In 1976 Father Erbland was assigned to the Huancané Parish and in 1979, to Our Lady of Sorrows Parish in Arequipa. He served four years in the Maryknoll Development Department, working in Texas from 1982 to 1986, and returned to the Altiplano Parish of Taraco in January 1987 supervising the newly installed lay pastoral agents. After one year there, he was assigned to Arequipa where he developed a formation team made up of Maryknollers and a Peruvian lay couple. The team provided a program of integral formation consisting of personal and faith development along with the social teachings of the Church to pastoral workers in various parishes. The aim of the program was to stimulate and capacitate lay leaders to become missioners within their own parishes. The program was well received by the professional association of social workers as well as the personnel in charge of the Arequipa penal system.
On hearing of Father Erbland’s death, Maryknoll Affiliate Fátima Carrera in Arequipa, Peru wrote this “Letter of Appreciation and Gratitude to Father Philip Erbland, MM in His Departure to Our Father’s Home.”

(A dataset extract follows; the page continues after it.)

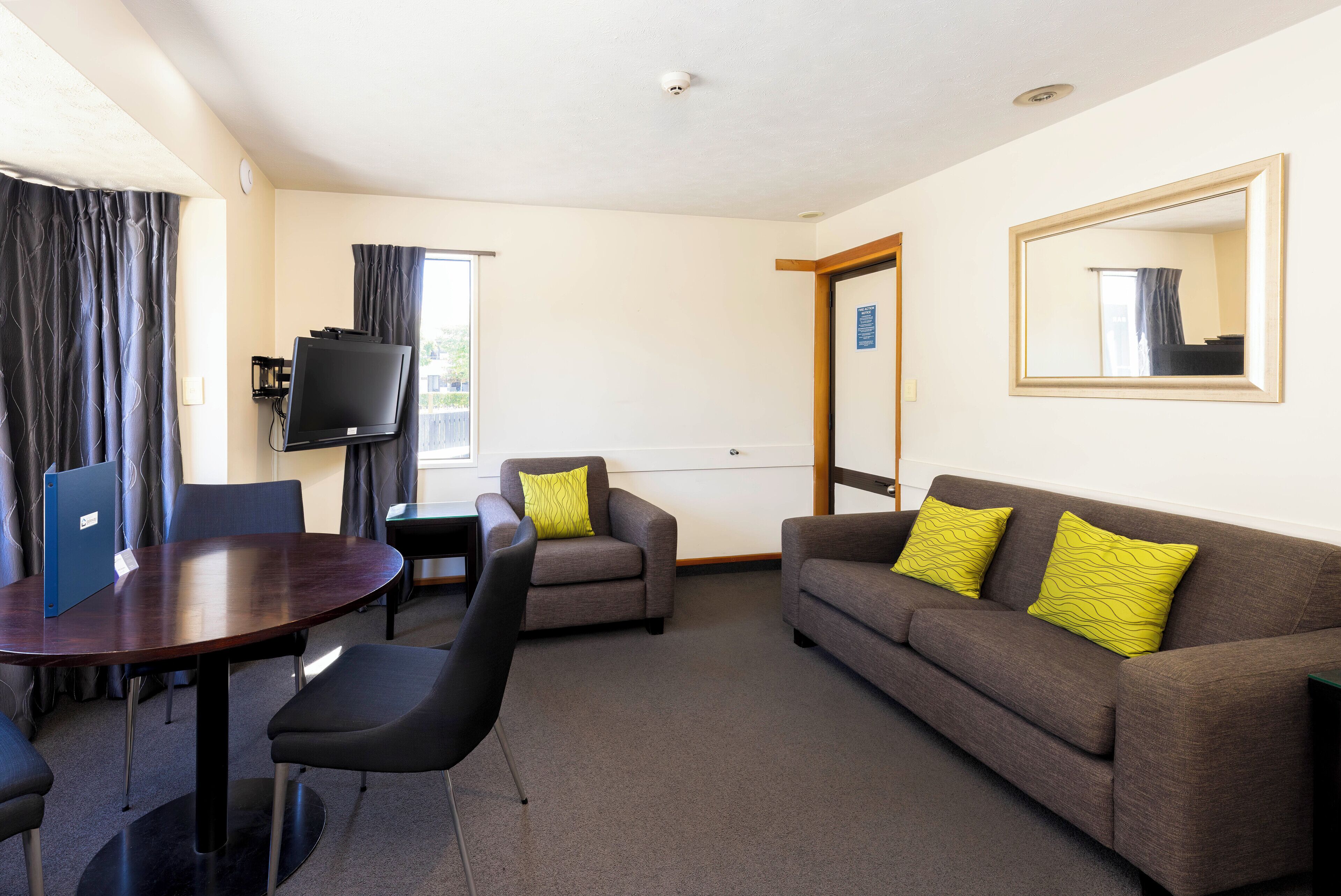 A hotel room with a round table, two armchairs, a sofa with yellow pillows, a TV, and a large mirror on the wall.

“Thank you, Philip for being a wonderful visionary, so challenging, a true friend and specially to discover in each one of us our talents and strengths. We are grateful for you promoting the laity and promoting continuous formation. Thank you, Philip, for helping us so much in all the projects we would undertake.
Philip you precede us in our encounter with God our Father. At the same time we too are on the way of encounter. But we know what we learned from you with love we have to return that message to our most forgotten brothers and sisters. Thank you, Maryknoll, for being our family with deep roots that touch the heart of our dear Pachamama. Good bye, Phil, rest in peace; our love will always be with you”.
Although retired in September 2000, Father Erbland continued to work in the Tacna region doing pastoral work and lay leadership training. In 2010 he returned to live at Maryknoll, New York and was assigned to the Senior Missioner Community (formerly Retirement Community) in November 2010. He remained close to his Class of 1966 classmates to celebrate the anniversary of their ordination, June 1, 1966 with a Mass, have a meal together, visiting their classmates’ graves in the Maryknoll cemetery and having a photo taken at the Memorial Tree in front of the main building.
In July 2015 Father Erbland was appointed to the Pastoral Visitors Team and continued to reside at the Society Center at Maryknoll, New York.
Father Erbland is survived by his sister Sr. Elizabeth Erbland, MM, and his two sisters-in-law, Marsha Erbland and Nancy Erbland.
Wake services were held on January 27, 2023 in the Holy Spirit Chapel and the Queen of Apostles Chapel at the Maryknoll Society Center. Mass of Christian Burial followed at 11:00 a.m. and was concelebrated in the Queen of Apostles Chapel. Father Leo Shea was the Celebrant and Father Joseph Healey was the homilist. Father John Moran read the biography and Sister Elizabeth Erbland, M.M. read the Oath. Per Father Erbland’s wishes, he was cremated following the funeral Mass and his cremains were placed in the Maryknoll Columbarium.